In Part 5 we are focussing on the ninth chapter of Paul’s letter to the Romans, as we are almost at a point where we could conclude our series on the love of God.

Many people think because God loves the world so much that He gave His only begotten Son to be the Savior, God must love every person in the world with the same kind of love and to the same degree and with the same purpose in mind. That is not the case, as Scripture makes very clear.

We have already learned that God’s love to the world is unlimited in extent. He loves them enough to be good to them. That is common grace. He loves them enough to feel pity and compassion over them. He loves them enough to warn them about sin and its consequences. And He loves them enough that the gospel should be preached to all of them. Therefore, in that sense, God’s love is unlimited in its extent and it does reach the whole world.

But secondly we learned that God’s love to the world is limited in degree. He loves them all but not to the degree that He loves His own. His love for His own is merciful, gracious and forgiving. It is inseparable, unbreakable, unchangeable, and unfading. It is that kind, sanctifying, purging, purifying love that leads to godliness. It is that limitless love for only and known only by those who belong to Him by faith.

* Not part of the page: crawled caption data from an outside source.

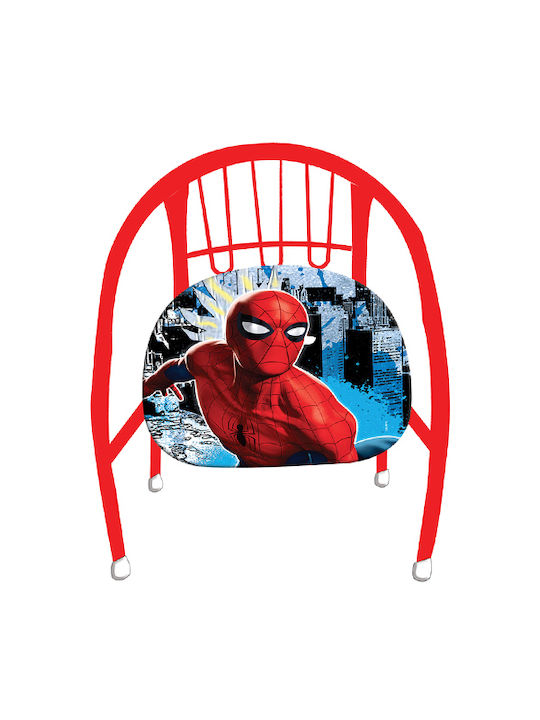 Παιδική Καρέκλα Κόκκινη 36x35x36εκ.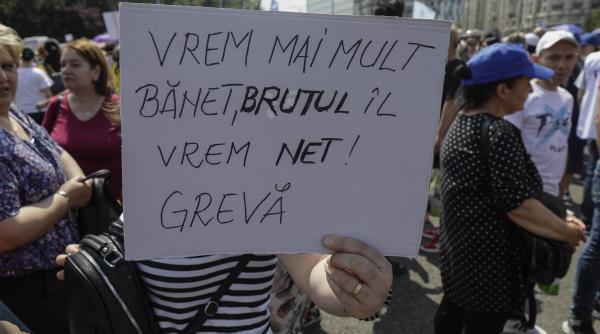dupa profesori cfr isti si angajatii din sanatate politistii intra in greva snppc anunta proteste pe 6 7 si 8 iunie la mai si ministerul muncii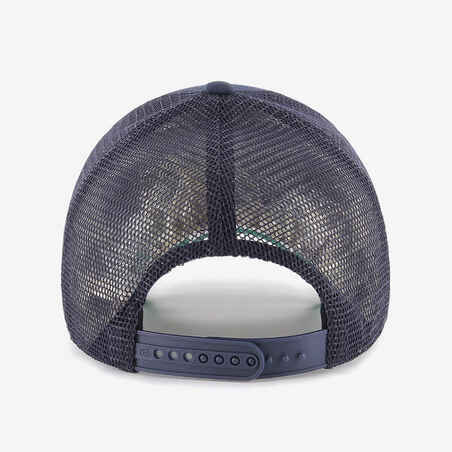 Suaugusiųjų beisbolo kepuraitė su snapeliu „47 Brand NY“, mėlyna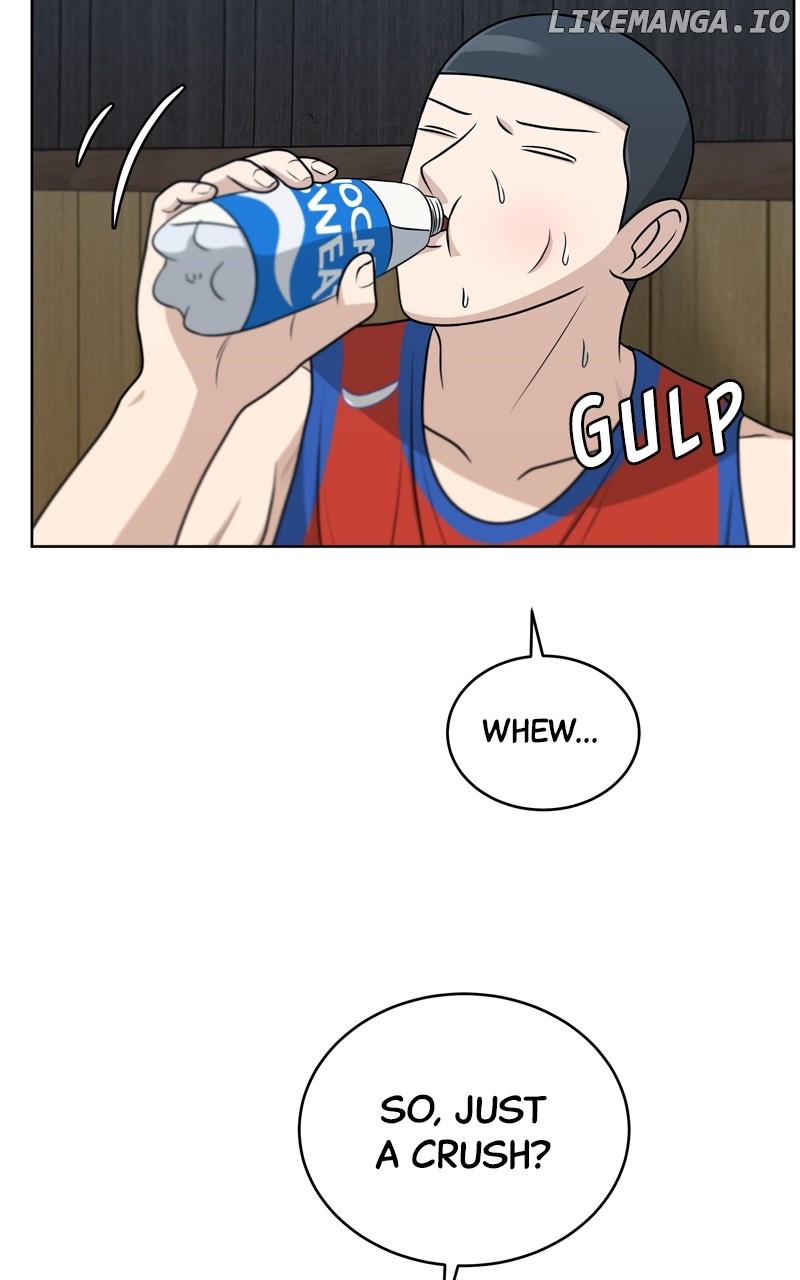 Big Man on the Court Chapter 41 - page 69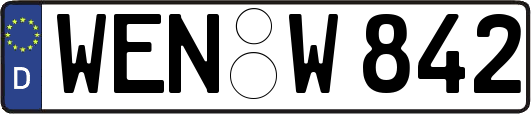 WEN-W842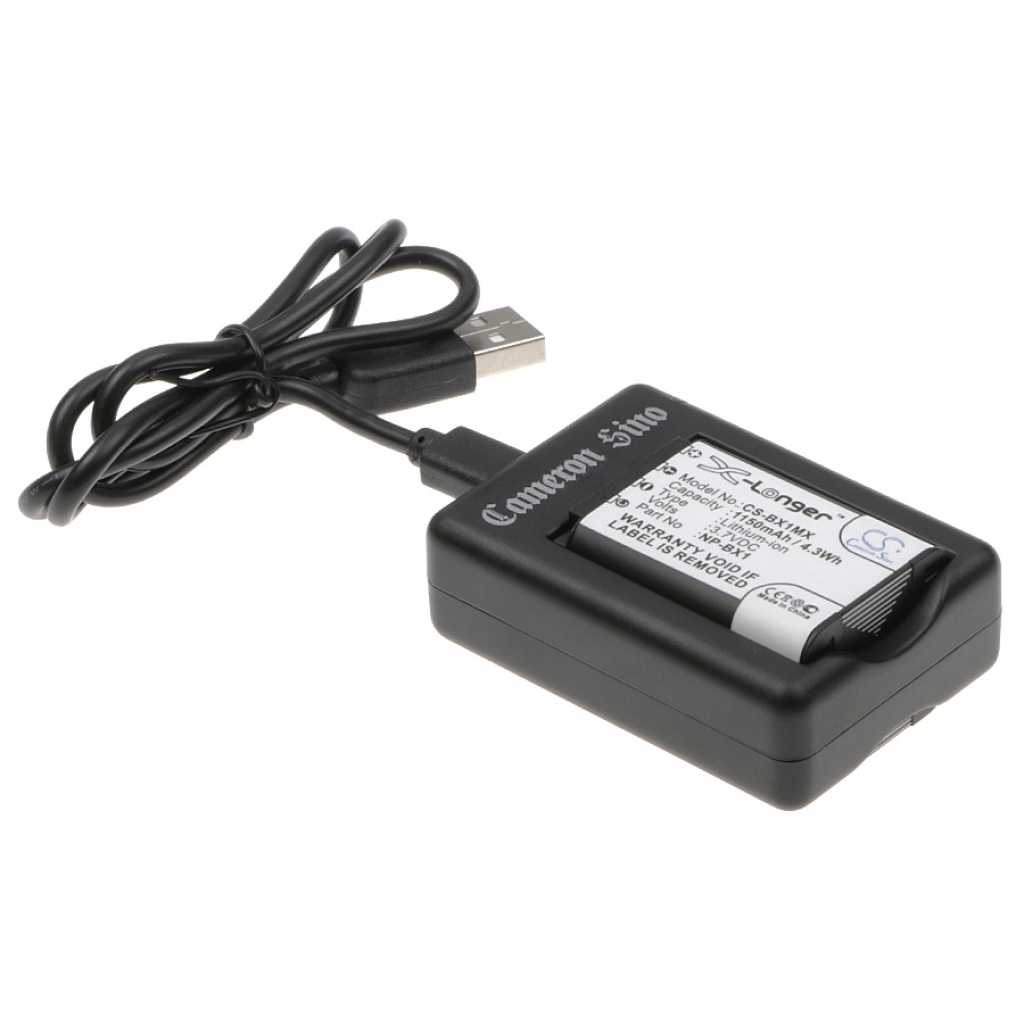 Batterie Sostituisce BC-DCY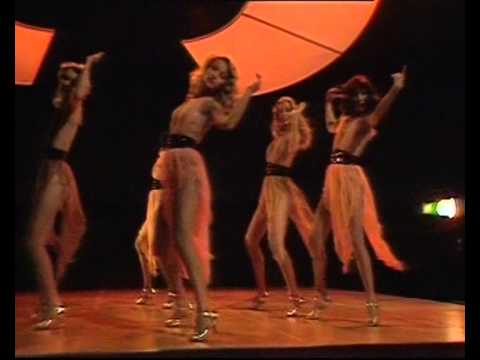 LEGS & CO - DONNA SUMMER - DOWN DEEP INSIDE 1977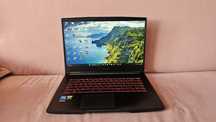 MSI GF63 i5-11400H 16GB 1000SSD RTX3050 15.6'' 144Hz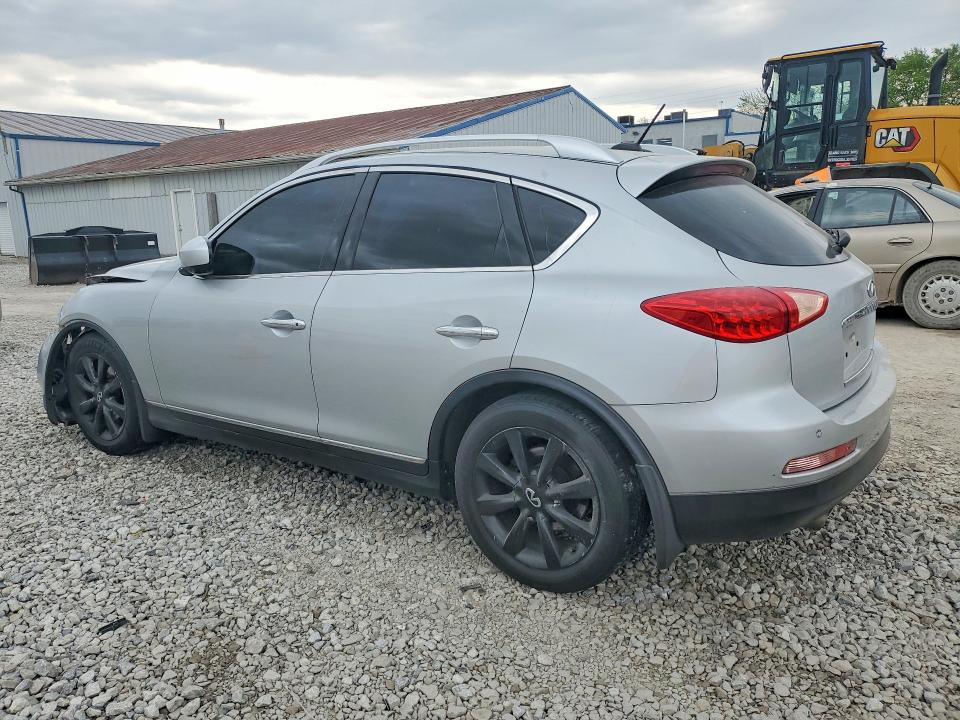 Aukcja sprzedaży 2009 Infiniti Ex35, vin: JNKAJ09F59M950612, numer aukcji: 49089016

Thirdly, God’s love to the world is qualified by the demands of His glory. It is not qualified by the demands of people, not by the demands of human reason but by the demands of God’s own personal glory. God defines that love consistently with all of His other attributes. We have to realize that because God loves does not mean that He is obligated to an unqualified love of all people equally. He is not a prisoner of that love. Or worse, He is not a prisoner of man’s assumptions about that love or man’s wishes about that love or man’s desires for that love. Nowhere in Scripture will we find that God is an unqualified lover of all people equally. God does not love, in a way that makes love unmixed, untouched, unmingled or unaffected by, for example, wrath, judgment, justice, holiness, righteousness.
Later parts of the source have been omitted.